─── PROVIDED MATERIAL
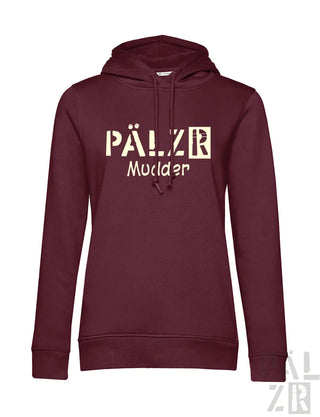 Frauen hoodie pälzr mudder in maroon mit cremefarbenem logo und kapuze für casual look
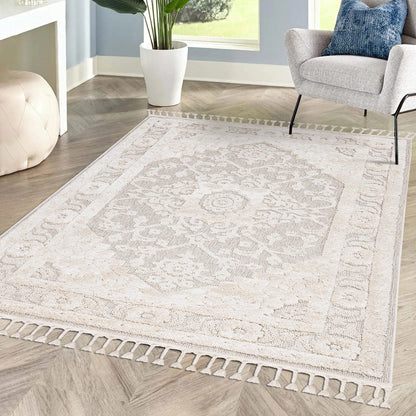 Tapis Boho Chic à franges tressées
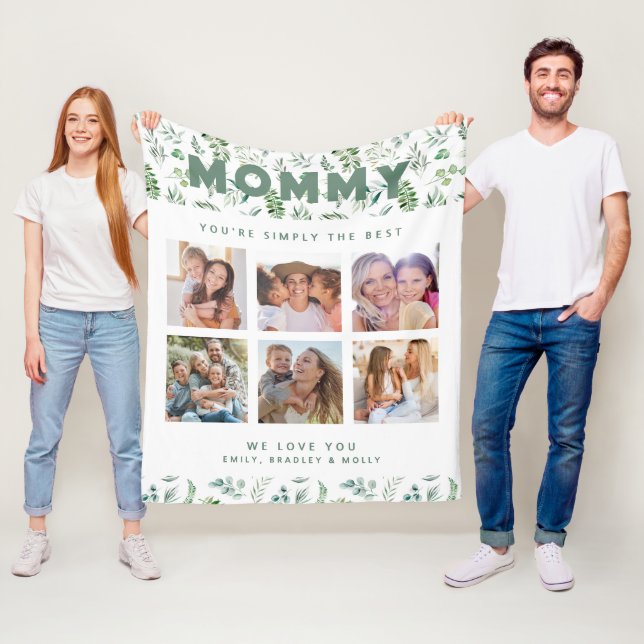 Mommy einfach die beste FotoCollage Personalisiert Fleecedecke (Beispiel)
──────
**WORK REQUEST:**
The pictures should not be reproduced; quote all of the other material exactly.

**EXERCISE RESPONSE:**
 Frauen hoodie pälzr mudder in maroon mit cremefarbenem logo und kapuze für casual look
 Tapis Boho Chic à franges tressées
 Mommy einfach die beste FotoCollage Personalisiert Fleecedecke (Beispiel)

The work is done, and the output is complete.